# Data to use
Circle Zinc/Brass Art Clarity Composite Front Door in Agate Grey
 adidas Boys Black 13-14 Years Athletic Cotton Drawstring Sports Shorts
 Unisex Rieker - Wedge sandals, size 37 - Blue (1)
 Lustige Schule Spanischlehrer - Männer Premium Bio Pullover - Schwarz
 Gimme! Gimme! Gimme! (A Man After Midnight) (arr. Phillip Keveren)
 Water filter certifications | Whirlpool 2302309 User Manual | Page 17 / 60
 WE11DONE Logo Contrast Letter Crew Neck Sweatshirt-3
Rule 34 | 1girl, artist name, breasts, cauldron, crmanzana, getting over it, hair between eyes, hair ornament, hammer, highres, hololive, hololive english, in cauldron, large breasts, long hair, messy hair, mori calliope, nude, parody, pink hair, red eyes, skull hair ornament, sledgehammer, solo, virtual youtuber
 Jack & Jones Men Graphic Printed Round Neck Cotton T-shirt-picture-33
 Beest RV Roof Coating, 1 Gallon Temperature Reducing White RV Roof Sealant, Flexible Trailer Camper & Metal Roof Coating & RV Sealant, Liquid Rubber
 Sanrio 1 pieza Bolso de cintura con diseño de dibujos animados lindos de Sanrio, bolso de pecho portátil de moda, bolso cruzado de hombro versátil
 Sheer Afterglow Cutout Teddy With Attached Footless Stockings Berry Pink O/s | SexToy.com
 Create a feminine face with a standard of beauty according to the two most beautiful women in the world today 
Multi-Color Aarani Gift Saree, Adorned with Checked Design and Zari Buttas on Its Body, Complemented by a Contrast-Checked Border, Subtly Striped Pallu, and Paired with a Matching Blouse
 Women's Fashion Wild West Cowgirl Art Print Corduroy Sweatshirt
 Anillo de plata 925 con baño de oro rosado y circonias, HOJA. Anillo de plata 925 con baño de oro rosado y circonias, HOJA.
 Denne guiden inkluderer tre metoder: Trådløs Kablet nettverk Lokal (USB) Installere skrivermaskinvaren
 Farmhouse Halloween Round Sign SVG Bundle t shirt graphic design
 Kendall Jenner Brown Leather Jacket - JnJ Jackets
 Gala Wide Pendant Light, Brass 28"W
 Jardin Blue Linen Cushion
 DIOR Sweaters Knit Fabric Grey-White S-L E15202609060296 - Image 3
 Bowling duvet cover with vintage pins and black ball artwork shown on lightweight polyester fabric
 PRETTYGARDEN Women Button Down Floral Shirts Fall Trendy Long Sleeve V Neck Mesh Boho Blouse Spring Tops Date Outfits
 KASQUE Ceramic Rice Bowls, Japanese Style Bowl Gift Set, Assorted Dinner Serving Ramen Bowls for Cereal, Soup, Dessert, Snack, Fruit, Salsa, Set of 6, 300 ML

# Your objective
From where "Farmhouse Halloween Round" appears to the last line of the listing above, please write out every line exactly; leave out the rest.

# Solution for this problem
 Farmhouse Halloween Round Sign SVG Bundle t shirt graphic design
 Kendall Jenner Brown Leather Jacket - JnJ Jackets
 Gala Wide Pendant Light, Brass 28"W
 Jardin Blue Linen Cushion
 DIOR Sweaters Knit Fabric Grey-White S-L E15202609060296 - Image 3
 Bowling duvet cover with vintage pins and black ball artwork shown on lightweight polyester fabric
 PRETTYGARDEN Women Button Down Floral Shirts Fall Trendy Long Sleeve V Neck Mesh Boho Blouse Spring Tops Date Outfits
 KASQUE Ceramic Rice Bowls, Japanese Style Bowl Gift Set, Assorted Dinner Serving Ramen Bowls for Cereal, Soup, Dessert, Snack, Fruit, Salsa, Set of 6, 300 ML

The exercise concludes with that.